CHARLIE COX ONLINE


Welcome to DARING :: CHARLIE COX ONLINE @ charliecox.org a site dedicated to British actor Charlie Cox. Best known as Matt Murdock/Daredevil in the Netflix Original Series DAREDEVIL and THE DEFENDERS, Charlie has quite a resume for such a young career. Starring on both big and little screens, Charlie's work includes KING OF THIEVES, EAT LOCAL, BOARDWALK EMPIRE, DOWNTON ABBEY, THE THEORY OF EVERYTHING, STARDUST, CASANOVA, THE MERCHANT OF VENICE, THERE BE DRAGONS, and others. If you're a fan please make this your source for all things Charlie. We respect Charlie's privacy therefore this site has an explicit NO CANDIDS policy.
Filed under CHARACTERS CHARLIE COX Daredevil Matt Murdock/Daredevil TELEVISION The Defenders

Charlie Hints Daredevil Forms “The Defenders”

Charlie has let it slip who is responsible for forming THE DEFENDERS. Apparently it’s none other than The Devil of Hell’s Kitchen. Now who would have doubted that?

It Sounds Like [SPOILER] Is The One Who Assembles THE DEFENDERS

After revealing that The Defenders starts shooting later this year, Charlie Cox has shed some light on who assembles this team of street level superheroes and their reasons for doing so. Check it out…

The chances of a third season for Daredevil are unclear as of right now, and it sounds as if the next place we’ll see The Man Without Fear is in The Defenders based on comments from Charlie Cox yesterday. Now, the actor has shed some light on how that team will come together, seemingly confirming in the process that it’s Daredevil who leads the team.

“He can’t do this alone. He’s been so adamant about being a lone wolf, about doing it himself, so I think that in order for him to get to The Defenders we needed this second season. We needed to see him be broken individually so that he can – he’s willing to form a team. The lesson that Matt has had to learn in the second season of Daredevil is that he needs help.”

That sounds pretty much perfect, and Daredevil taking charge makes a lot of sense.

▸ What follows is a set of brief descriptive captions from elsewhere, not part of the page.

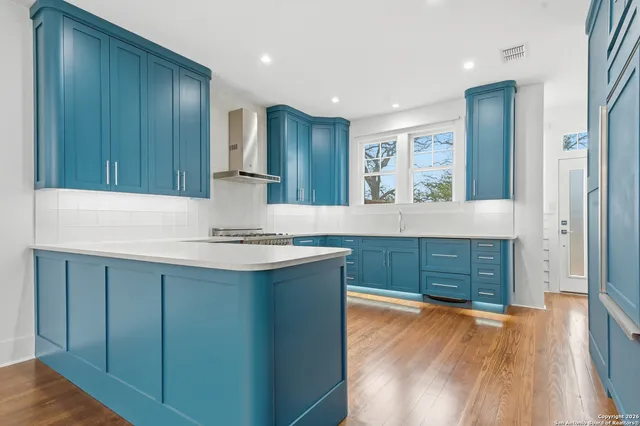 $699,000 | 524 North Getty Street, Uvalde, TX 78801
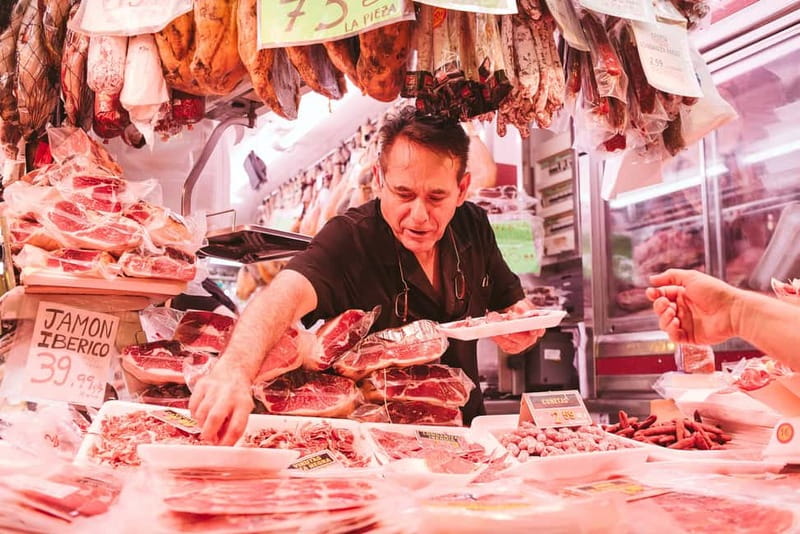 Barcelona: Hidden Markets, Tapas & Paella Food Tour - Who should book this experience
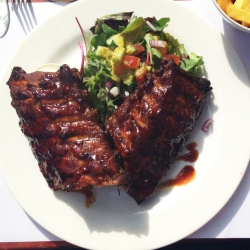 foto van de spareribs van Café Ari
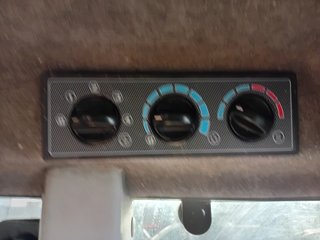 Tractor Massey Ferguson 3650 F XTra con cabina.
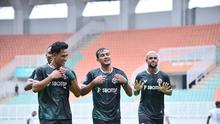Pencetak gol semata wayang untuk Persikabo 1973, Komarudin melakukan selebrasi setelah membobol gawang Persita menit ke-29 dalam pertandingan lanjutan BRI Liga 1 di Stadion Pakansari, Cibinong, Kabupaten Bogor, Kamis (02/2/2023). Pertandingan berakhir imbang 1-1. (Nandang Permana/Bola.com)
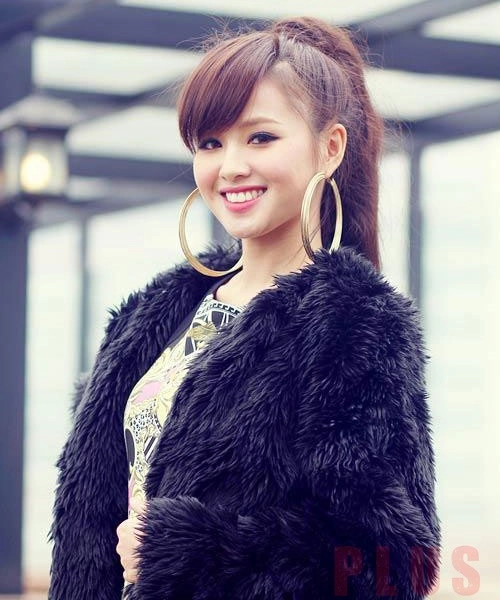 Những kiểu tóc dài uốn xoăn đẹp như tâm tít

After all, he’s by far the most popular of these heroes (though that could change when Luke Cage and Iron Fist hit Netflix) and you can understand why he’d turn to this lot for help against a threat as big as The Hand, assuming they’re the big bads of The Defenders. If they are, that will leave the door open to Daredevil season three adapting “Born Again” as many of us have been hoping…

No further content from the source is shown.